Upraszczając problem czy da się z drzewa pod montowanych katalogów wyłączyć katalog np

/katalog_1_0/katalog_1_1

/katalog_1_0/katalog_1_2

/katalog_1_0/katalog_1_3

mając 2 dyski sda1 sdb1 na sda1 jest systemowy i katalog /katalog_1_0 chciałem zamontować na sdb1 ale z wyłączeniem katalogu katalog_1_1 by on pisał na sda1

Pozdrawiam

----------

## gryf

Krótko: nie.

Długo: Poprzez mount nie zrealizujesz tego co chcesz.
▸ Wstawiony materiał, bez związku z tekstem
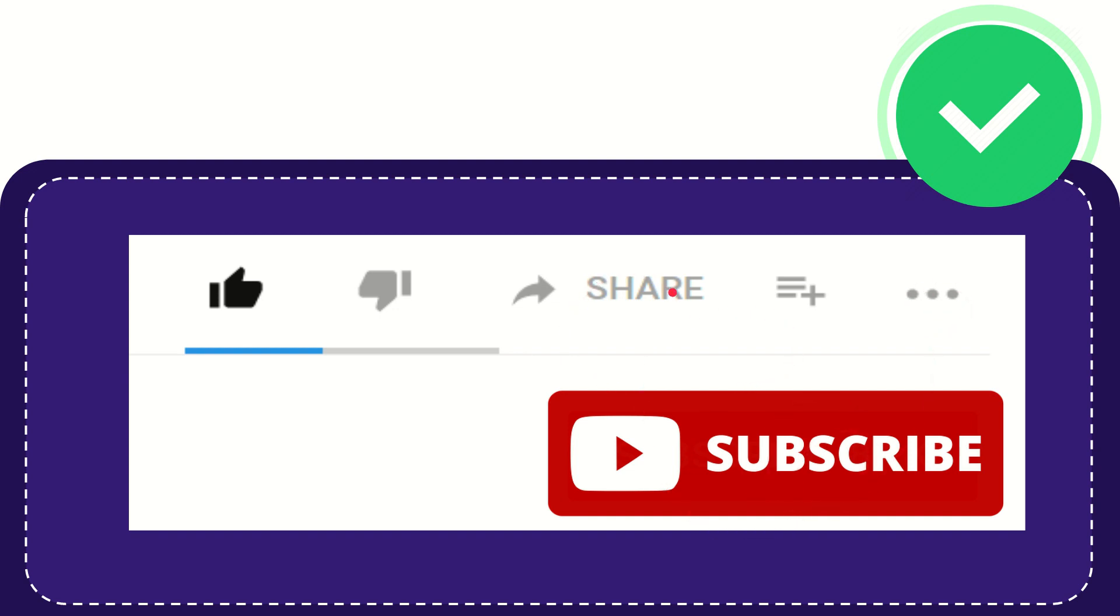I think that's all of it. Thank you so much for watching this video and see you again in another video. Bye bye, see you again.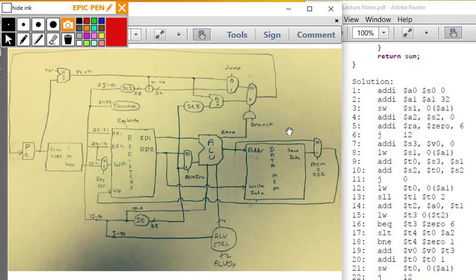So the exam is on Thursday. I have the data path, and you probably recognize this as the answer from the quiz question as well as the homework assignments. I'm going to be going over this data path and showing what's physically going on as we go through each step.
Możesz co najwyżej zrobić na sdb1 katalog_1_1 i podlinkować odpowiedni katalog z sda1, lub przemyśleć i zreorganizować strukturę katalogów.

----------

## SlashBeast

Montowanie z wylaczeniem katalogu? Najlatwiej bylo by Ci uzyc /mnt i zostawic symlinka w /xxx do /mnt/yyy, badz overlayfs/aufs ale to juz wyzszy stopien szpanu i pewnie zupelnie zbedny.

----------